There is little of cheer for those poorer pensioners out there. However, it is likely that the pre-Budget report will bring some good news with changes to the basic state pension and possibly also to pension credit, which is used to top up the incomes of the poorest pensioners.
Each year the Retail Prices Index (RPI) figure for September is used by the government to calculate the next year’s increases in the state pension and other benefits. In September, we saw inflation peak at 5.2 per cent. Therefore this will mean that from next April single pensioners will see their weekly pension payments rise by a larger than usual amount, £4.54 to £95.24, while pensioner couples will see a rise of £7.26 to £152.30.
There are charities campaigning for a greater increase for older people to reflect the real increase in living costs faced by many retirees.
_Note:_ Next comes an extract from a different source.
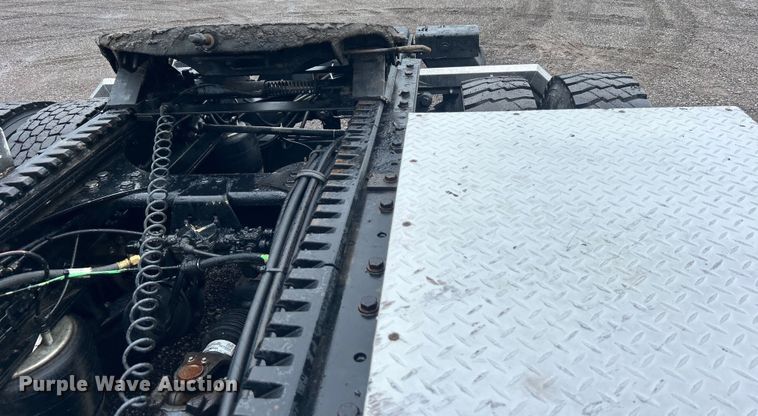 image for item EG0832 2012 Western Star crane truck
The Chancellor is unlikely to comply with these demands, given that the increases are so much higher than last September’s 3.9 per cent.
It is inconceivable that the Chancellor will ditch winter fuel payments, given the ever increasing cost of energy. You never know, he might even increase them.
There is also school of thought that Mr. Darling might remove the statutory obligation for retirees to buy a pension annuity at age 75 as the value of many retirement funds have been hit so hard by the turmoil in the financial markets in the past year.
I guess we’ll just have to wait to find out.